Mayo Dr. said GBS a year ago/but gettting worse

    • May 3, 2017 at 8:51 pm

      Hello everyone:
      I came down with the stinging hands/feet followed by left side weakness that then became bilateral. Work for a large university and had a zillion tests/nothing but mildiy elevated CSF. Three admits in one month then they gave up and although I developed more symptoms; jaw weakness, arm weakness, spasms, fasiculations, etc. As the months went by I had a resident communicate with me that could not get me into the clinic who offered Ivig twice the attending would not let him administer. When I saw several more neuro’s over the next year with no dx and no help. Was sent to counselling. Duh, he found nothing.
      I now have numbness up through my chest esp. in my feet it is increasing. Burning pain all over and now…sharp pain on top of all of it. I went to Mayo last week, had the sweat test and EMG and blood work. Nothing. Dr. thinks I had GBS and should have had treatment, however I made the mistake of telling him my walking improved, which is does during the many remissions I have had. I told him each relapse is worse than the last which he seemed to miss. He put in the notes I had improved 70″ since onset, which is not the case. I meant only one area.
      My question is has anyone had a GBS diagnosis with nothing on an EMG, skin punch, tons of blood work? Could he be right and this be residual GBS? Then why would I be worse than better? I mean he said I did NOT have CIDP or MS and this was his best guess.
      It does not make sense to me. I get better very briefly than worse. Overall much worse than when I started.
      Any feedback, please, would be appreciated so much.

    • GH
      May 4, 2017 at 12:49 pm

      Neuro diagnosis is difficult, but it seems to me you should have received IvIg on the basis of your CSF test, even if it wasn’t especially high. The problem is that IvIg is a scarce resource and expensive, so it has to be rationed.

      Why is it not considered to be CIDP?

      • May 5, 2017 at 12:42 pm

        GH, thank you for your reply. As to why not CIDP, I assume it was because my blood work was negative. I don’t really know enough about diagnosing CIDP although I have read quite a bit about it.
        My concern is that he missed it, and I have no follow up with him unless I “become worse or have another incident”. I am already worse than I was at the beginning however.
        I have a Cleveland Clinic resident who is still working with me however I don’t believe she has the experience of the Mayo doctor. I just don’t know what to do at this point.

      • May 5, 2017 at 12:51 pm

        jk, thank you for your post. I am so discouraged, I have tried for a year to keep working so I could have the insurance to get help, seemingly to no avail. It sure does sound like CIDP however. I wish I understood why he believes it is NOT CIDP; is it possible to have no clear symptoms (reduced reflexes, neg. blood work, etc) and still have CIDP?
        I appreciated your feedback!

    • jk
      May 4, 2017 at 7:18 pm

      I also went to Mayo Clinic. A long time ago. One of the many doctors I saw, in fact, the one that mattered, stated “let’s give you IVIG, if you respond positively, then we have our answer.”

      Times have changed since then. The major roadblock to getting IVIG now is meeting whatever criteria the insurance company that covers you has laid down. Your attending physician surely has valid reasons for not allowing the treatment.

      So, go forth and find a doctor who will authorize some IVIG for you.

      GH summed it up. Getting an accurate & correctneurplogical diagnosis is often difficult. Do your own web search for ‘standard criteria to diagnose cidp’ or, sign up for a free account at medscape and read all about it.
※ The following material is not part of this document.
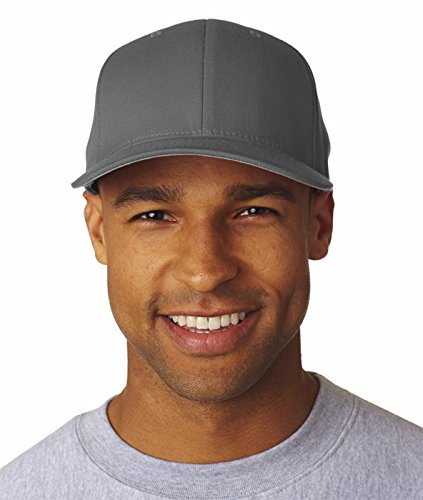 Flexfit Men's Athletic Baseball Fitted Cap (Adult L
      An article by Dr. Lewis updated in 2016. The article leads off with this: “CIDP typically starts insidiously and evolves slowly, in either a slowly progressive or a relapsing manner, with partial or complete recovery between recurrences; periods of worsening and improvement usually last weeks or months. Most experts consider the necessary duration of symptoms to be greater than 8 weeks for the diagnosis of CIDP to be made.”

    • jk
      May 5, 2017 at 6:32 pm

      Cleveland Clinic is one of the several major Medical Centers I have been to. It was the head of the Neurology Department of Cleveland Clinic, at that time, who stated “No, I don’t think you have CIDP.”

      As for if you have CIDP or not, the doctors have to sort that out. Read the Dr Lewis article for a better understanding of the other conditions to consider and rule out. There are many.

      Call him and ask why he thinks not. Better yet, collect all the office notes. They belong to you.